They will travel more than 30km daily and will be accompanied by a convoy.
Having done the journey before they found truckies very supportive and expect that to be the case again.
One thing they have asked though is that truckies don't blow their horns near them as it may frighten the four horses.
DIRT N DUST
SPY hears that many people involved in the road transport industry had a ball at the Dirt n Dust Festival at outback Julia Creek.
Held on April 21 and 22 it involved a triathlon and various other events such as a best butt contest and a bull ride.
The triathlon started at Eastern Creek billabong on the Mount Isa side of Julia Creek where competitors swam in murky waters.

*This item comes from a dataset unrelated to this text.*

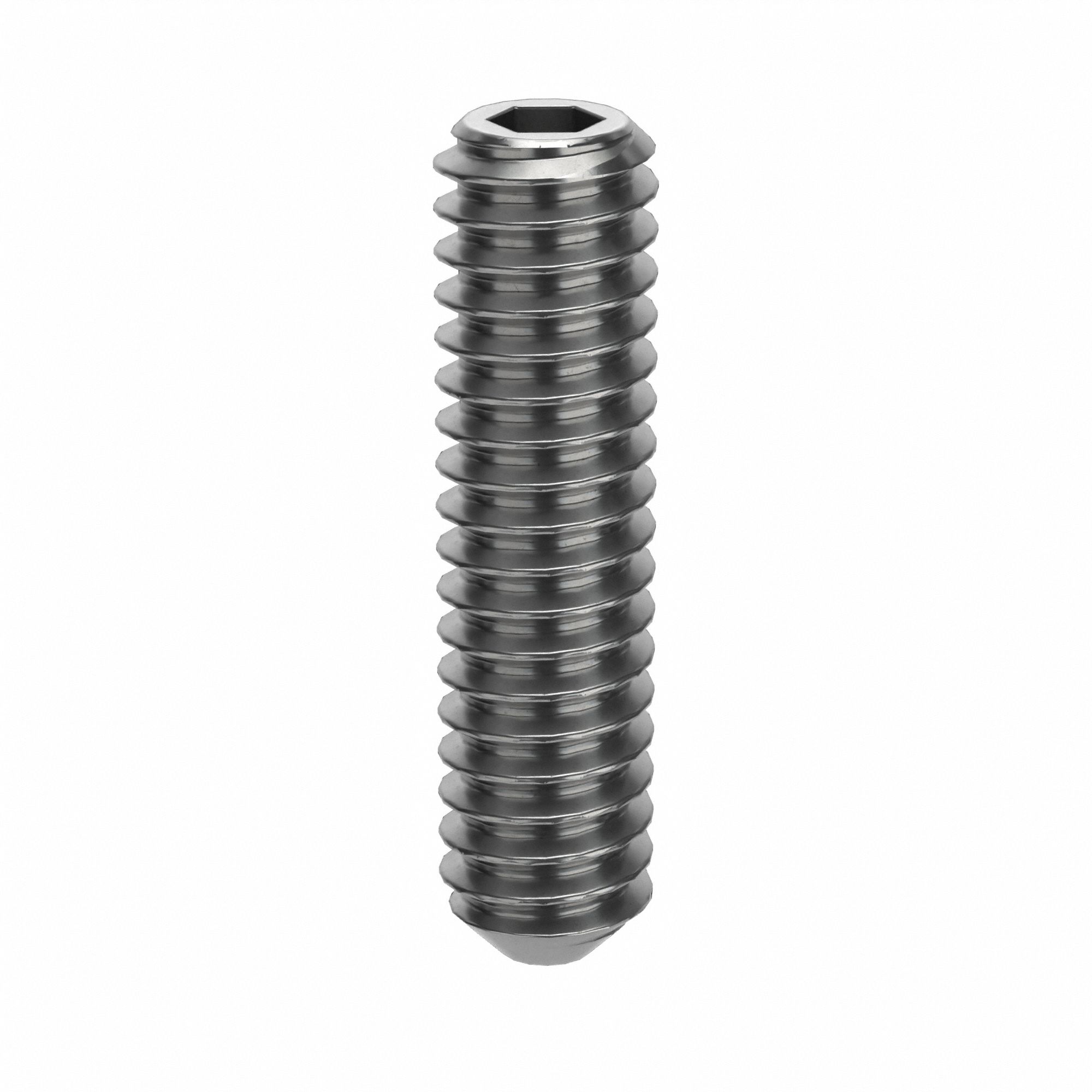 Socket Set Screw: M2x0.4 Thread Size, 8 mm Overall Lg, Flat pt, Stainless Steel, Plain, 100 PK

A road train was used to transport all the bikes there for the 15km ride which followed into town.
Then there was a 5km run through Julia Creek.
Spy hears several interstate truckies managed to have a day off and enjoy festivities.
One hails from the Northern Territory and another from WA and they have been singing the praises of the weekend to everyone who wants to listen.
THREE off duty truckies sitting along the Cairns Esplanade were delighted to see celebrity Mark "Jacko" Jackson walking along past them.
Jacko is the former champion AFL footballer who later became famous for his part in the battery advertisement which appeared on national television.
One greeted Jacko with a warm hello and then he responded in a very friendly manner.